A un lado del camino
No logro quitarme la impresión de la mirada, el suspiro -quizá decepcionado- que me produjo encontrarme con las casas dormidas de Santa Fe, un pueblito del estado Sucre, en mi país, Venezuela, que tiene apenas dos calles: una que sube, otra que baja, y algunas transversales, de las que saltan cualquier acto de supervivencia: una licorería, una peluquería, un taller, una venta de trajes de baño y un colegio con, eso sí, su fachada muy bien pintada.
Me habían hablado mucho de Santa Fe, de su playa generosa, de sus posadas, de su gente amable, de su plaza y de la diversión del pueblo por las noches. Me lo habían contado muchas veces y cada vez, me quedaba con ganas de ir y verlo. Voy por la carretera que conecta a Puerto La Cruz, en el estado Anzoátegui, con el estado Sucre. En el camino, lleno de curvas y verde, la montaña crece de un lado y el mar aparece por el otro, como una constante. Dependiendo del tráfico, se puede cubrir la ruta hacia Santa Fe en 50 minutos.

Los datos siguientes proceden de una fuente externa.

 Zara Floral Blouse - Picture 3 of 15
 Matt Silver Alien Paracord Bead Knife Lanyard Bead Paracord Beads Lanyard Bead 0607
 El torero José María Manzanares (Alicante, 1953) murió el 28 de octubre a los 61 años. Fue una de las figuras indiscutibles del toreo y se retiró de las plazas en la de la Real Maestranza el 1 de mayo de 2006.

Mucho antes de llegar, hay un desvío hacia los Altos de Santa Fe, también llamados Altos de Sucre, y desde donde -me cuentan- se tienen unas vistas maravillosas del Parque Nacional Mochima, se come buen pescado y hace frío por las noches. No voy hacia los altos, pero un día antes había leído que fue en esa zona donde por primera vez se cultivó café en el Oriente del país, a finales del siglo XVIII. Tal parece que hoy nadie lo recuerda.
Remar y remar
Un anuncio tímido al borde del camino, deja claro que Santa Fe está en la próxima curva, en una salida de tierra, en una bajada hacia el mar. Uno entra al pueblo sin darse cuenta, sin advertir que esa calle que baja y que guarda en su acera las casas descoloridas, era lo que te habían contado con entusiasmo meses, días y horas atrás. Santa Fe no me gusta a primera vista. La desidia brota de sus dos calles y se pega al cuerpo. Es como un pueblo fantasma, no porque este vacío, sino porque parece no importarles nada de lo que sucede a su alrededor.

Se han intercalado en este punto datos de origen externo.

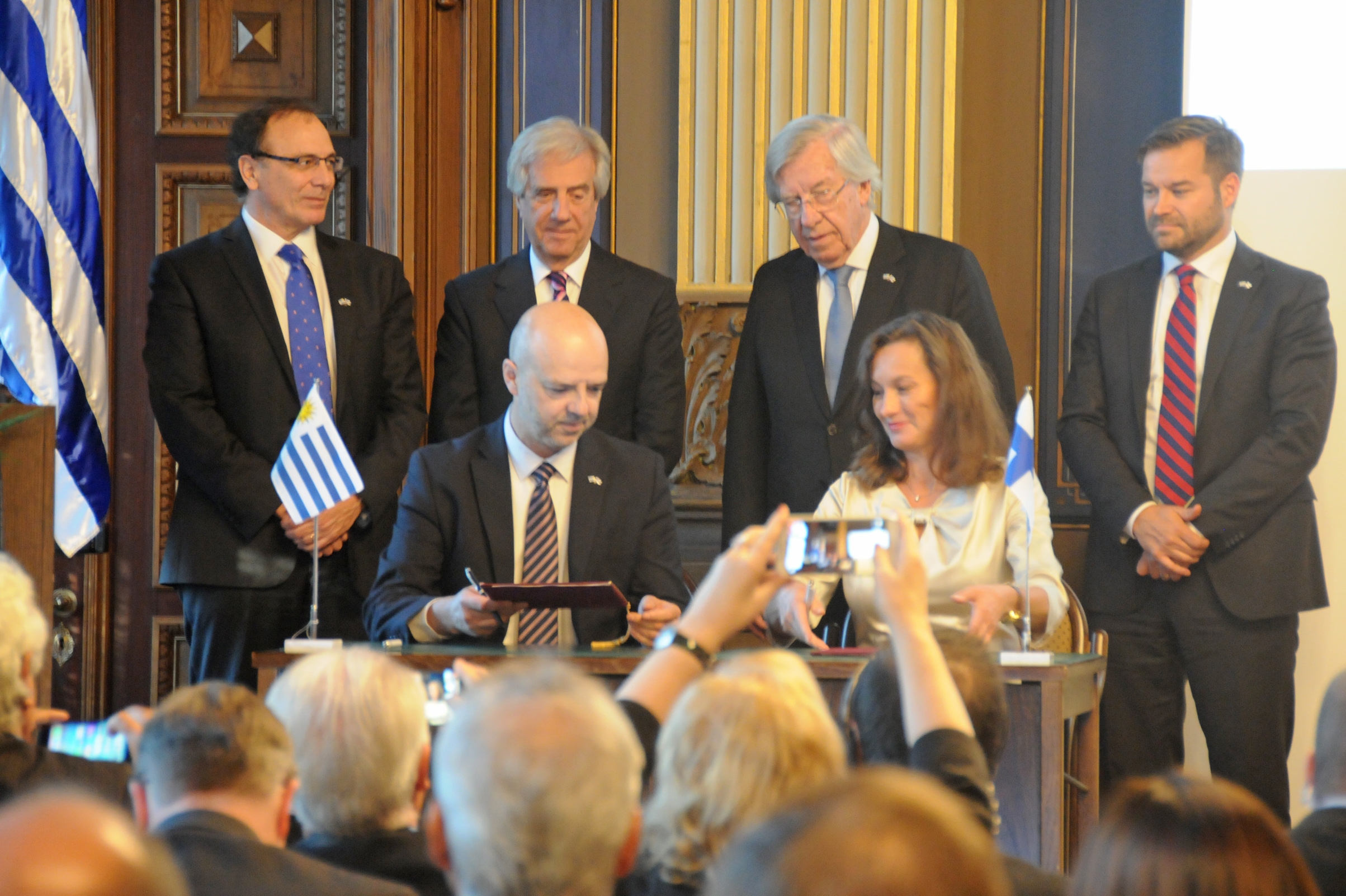 Presidente Vázquez junto a Astori acompañan a Antonio Carámbula, representante de Uruguay XXI, durante firma de convenio con empresarios de Finlandia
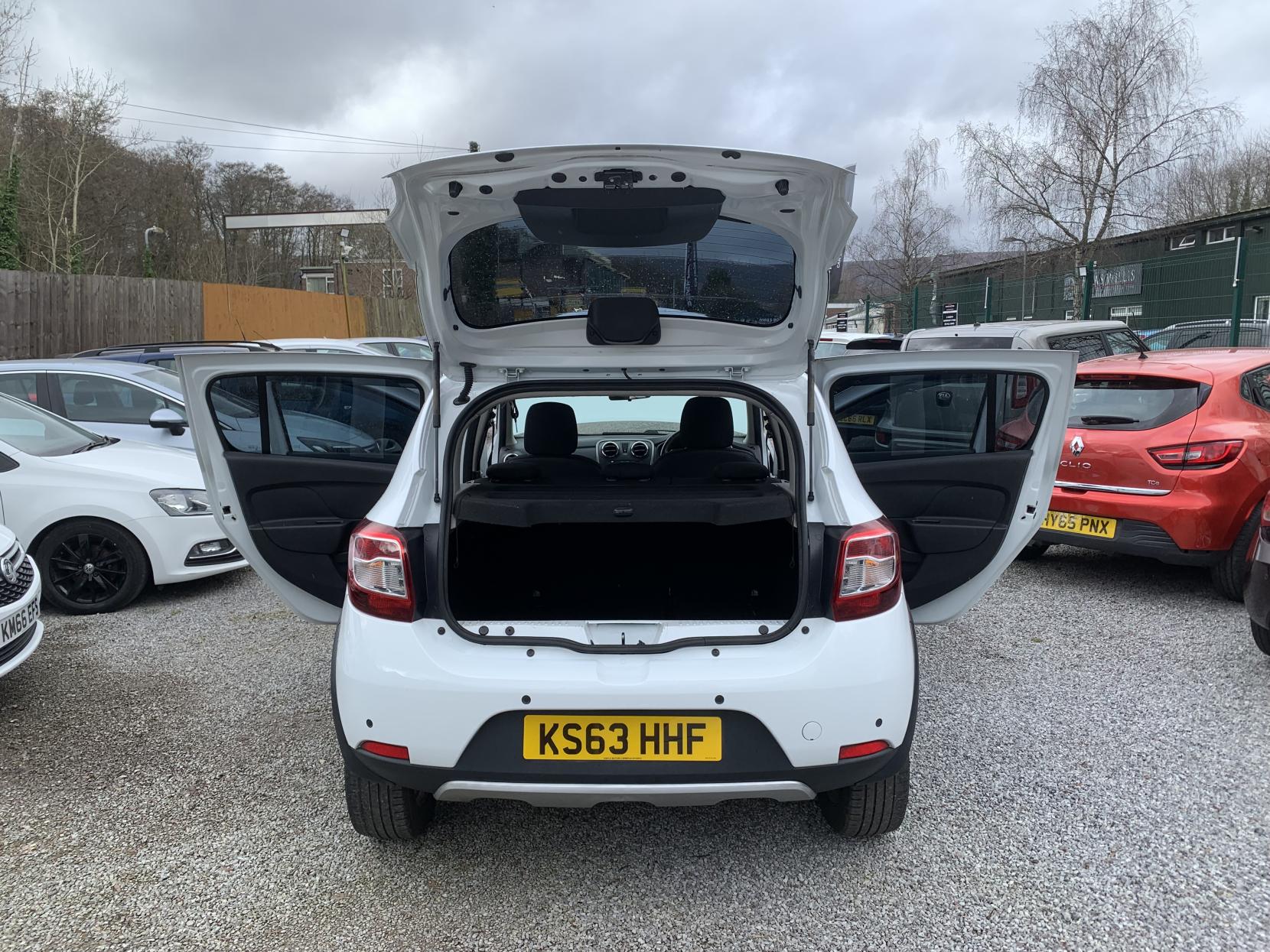 Dacia Sandero Stepway 0.9 TCe Laureate Hatchback 5dr Petrol Manual Euro 5 (90 ps)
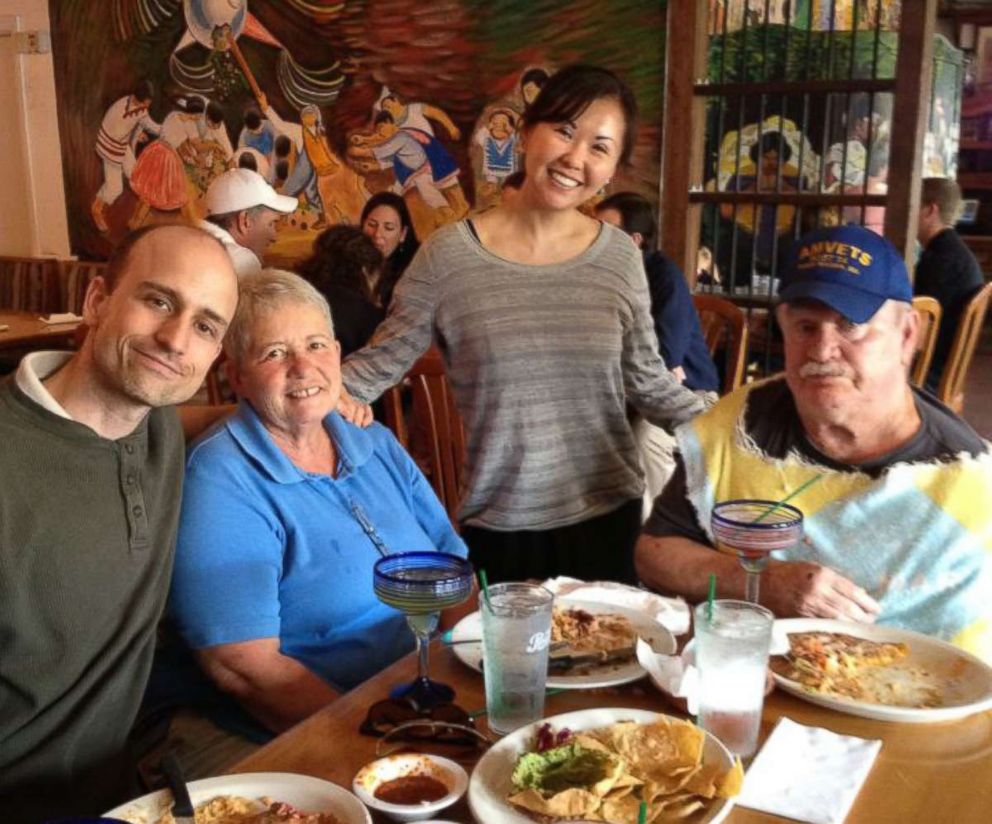 PHOTO: Dax Oliver and Kris Geiger have lunch with Oliver's parents.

Atravieso una de las calles de Santa Fe y el remolino de su mercado a plena mañana de sábado. Un señor compra tabacos con esmero y justo al lado, otro más hábil ata las patas de una gallina viva que está a punto de vender. Al final de ese camino, los pelícanos revolotean y se sabe que hay pescado fresco, que el mar está ahí al lado, con sus lanchas pintando la orilla.
Las casitas a la orilla del mar
Camino descalza por la arena y bordeando toda la playa. Estando ahí entiendo que lo que a todos atrapa de Santa Fe es esa orilla bondadosa, tranquila y limpia, con las montañas al frente, con las posadas -llenas, llenísimas- a escasos pasos del mar, con los restaurantes allí, dispuestos a complacer paladares.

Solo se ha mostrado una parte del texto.